I finally cut a negative someone out of my life, and it showed me that I had good reason to. However in a weird twist of events, her seemingly mild-mannered friend was the "hype" one... Honestly she sounded so hood! I really had to stop her and asked her if it was really her. She then pounded out her name, and high school and all that ... yup, hood.
I guess they rub off on each other.

Not sure if they're out of my life for good though, but as long as they're not trying to communicate with me as if we're buds I can deal.

All in all, I'd rather have 5 solid good friends than a few extra backstabbers.

To Alex

I've been reading about hyperthymesia or super autobiographical memory and it's really interesting! It is a rare memory ability that allows a person to recall/relive a day in their life as they were seeing it through their own eyes. Sounds like you doesn't it? But these people can recall the day, weather, what they said and wore and ate, and felt ... but only as it pertains to their own experience. I love your memory, and I think I'd love
to go into research about it, its just so fascinating! But it leads me to wonder if the best researchers on the topic aren't the subjects themselves?

From now on I'll make an effort to vamp up my memory and spend some time recalling what I did each day.

**

I fell asleep before it was time to pray today ... its a bit after 3am now.

**

Potato boy's uggs came! eeek! I'm so excited!
**
And lastly, you must know that I miss you. Conversations, your smell, touch, and smile flutter in my head like new butterflies with heavy wings. I look forward to sleeping next to you again.
**

Stay cool, mon amour.

Sunday, October 9, 2011

The Price of Learning

Today in Macy's a woman grabbed my hand and started dancing with me! So I danced with her even though I thought maybe she mistook me for someone else. But I don't think she did! She mentioned that she loved the song that was playing and even told me her mom passed a while back and her name was Lisa, like the owner of Carol's Daughter (I was searching for the Carol's daughter counter). She also told me I had beautiful eyes. I told her she did too, hers were a pale blue-green-gray that looked magnificent on her brown skin. I hope I can be that joyous one day. She told me to have a blessed day.

I did.

I spent some quality time with two of my best friends Dane and Sasha, and I really enjoyed it. I had a dance-inducing Starbucks iced coffee & an amazing jumbo chocolate chip cookie, compliments of Mary's gift card). I kept hoping Alex was there ... I want to do normal stuff with him, like walk around the mall holding hands and kissing on the escalator going up. I really miss him, everything about him. My really good friends are the ones hat bring happiness to my life, even when they're not there.
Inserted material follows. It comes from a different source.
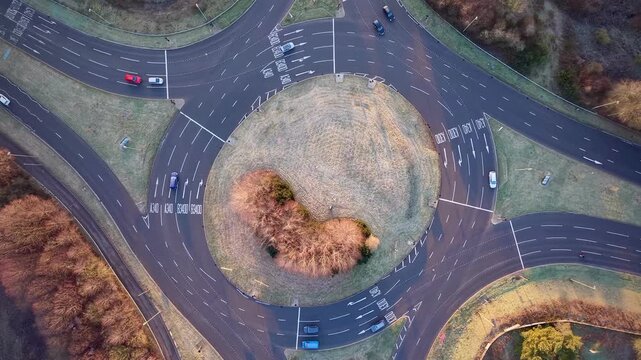 Drone View of Vehicles Moving Through Roundabout in Basingstoke, England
I also prayed and asked God to help me heal and forgive. I am so angry at Rich. The way he took advantage of me really hurts, I helped him from my heart the best way I could. I really went out of my way, and out of my comfort zone, and now that it is having a very negative effect on me he just lies and lies and shows me he doesn't care. He is so selfish, even knowing I have so little to begin with.
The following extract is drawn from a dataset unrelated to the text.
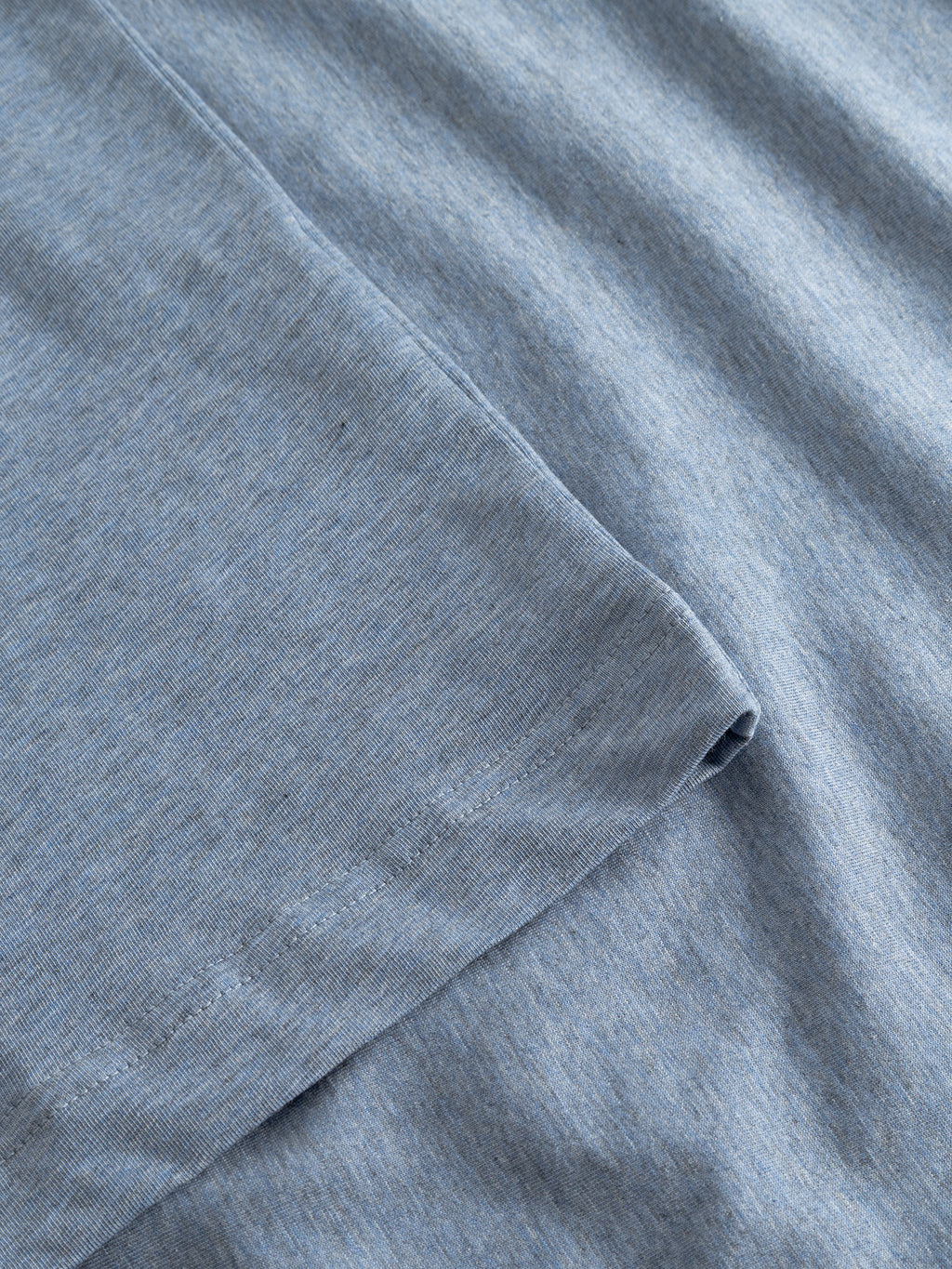 Close-up of Gabba's GABdune Melange New SS T-Shirt in Blue Melange, highlighting the soft, smooth jersey fabric with visible seam and stitching details.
I guess I'll have to just pay the price and be glad he is out of my life. I'm trying really hard not to wish bad on him, but it brings me actual pain to think about him much less think of him doing well.

It is a lesson to me to keep poisonous people out.

"When people show you who they really are, believe them."

I'm going to start spring cleaning tomorrow, there's another person who I have to talk to clearly so they understand they are not welcome in my life.

I am just putting all my faith in God, keeping my head up, and eyes forward.